Improving the UK’s financial health is of direct relevance to the Institute, as the professional body for the banking industry, and to our members. We believe banking should have a social purpose as well as a profit motive, with that purpose being to support an economy that creates wealth and health (mental, physical and financial) for everyone, including our future customers. Financial health, or the lack of it, should worry banks as employers too: stress, lack of sleep, time off work and poor quality of work is estimated by Barclays to reduce productivity by 4%.
That is good for business in the long-term, but more importantly, it’s simply good.
When it’s done well, banking serves many proper and positive social purposes: it allows individuals to save and borrow; it facilitates payments; it helps businesses to grow; it’s the very foundation of modern economic life. The key point being that banking is the foundation, the essential facilitator of these indispensable social purposes. The purpose of banks is and should be to support the economic growth of society.

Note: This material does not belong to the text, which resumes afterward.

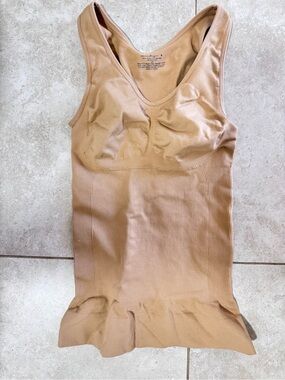 Seamless Sculpting Camisole in Tan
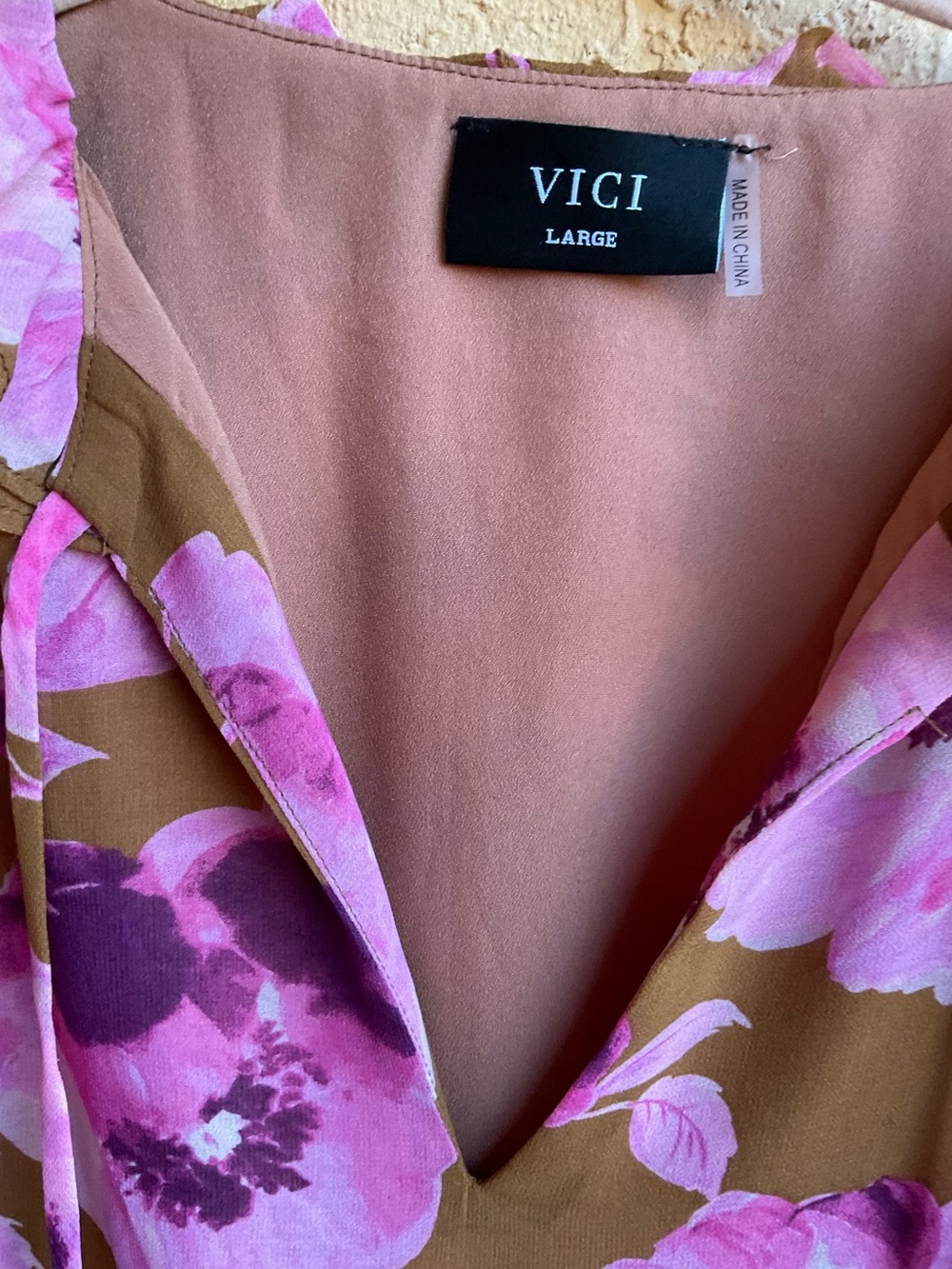VICI‎ Charleston Waist Tie Floral Pink & Brown Mini Dress - Picture 16 of 16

I know some commentators feel that growth itself is the problem, but I don’t believe we’ll improve Britain’s financial health by reducing our GDP, and our average incomes.
In supporting a model of economic growth where the benefits of growth are shared across society, we need to see a banking industry built on three rather ‘old-fashioned’ values, although ones that are perhaps more rightly thought of as universal – stewardship, prudence and professionalism:
- Stewardship – because this defines a banker’s primary purpose, to manage the financial and other resources belonging to others and make best use of those resources for customers and for the overall social good
- Prudence – because this requires acting with due care, skill and diligence to avoid doing harm to customers’, the bank’s or indeed the nation’s financial health
- Professionalism – because it acknowledges a wider public interest, a recognition of the asymmetry of information between banker and customer, and a dedication to always put customers’ interests before those of the institution.
Bankers should take these duties and responsibilities as seriously as, for example, healthcare professionals would.
For me, the ethic of banking requires us to recognise that, whilst most (although not all) banks are commercial, profit-making institutions which need to offer a fair rate of return to shareholders, the primary role for bankers and the bank as a whole is to protect customers’ financial health and promote their financial well-being and resilience. While the banking industry has done a great deal in this regard in recent years, no reasonable observer could conclude, when looking at the facts, indeed when just looking around us, that we are doing enough, individually and collectively, to improve the financial health of us all.
That’s why we need the insight, inspiration and innovation of the Finance Innovation Lab and it’s 2017 Fellows. And why the Institute and our 30,000 members are proud to support them.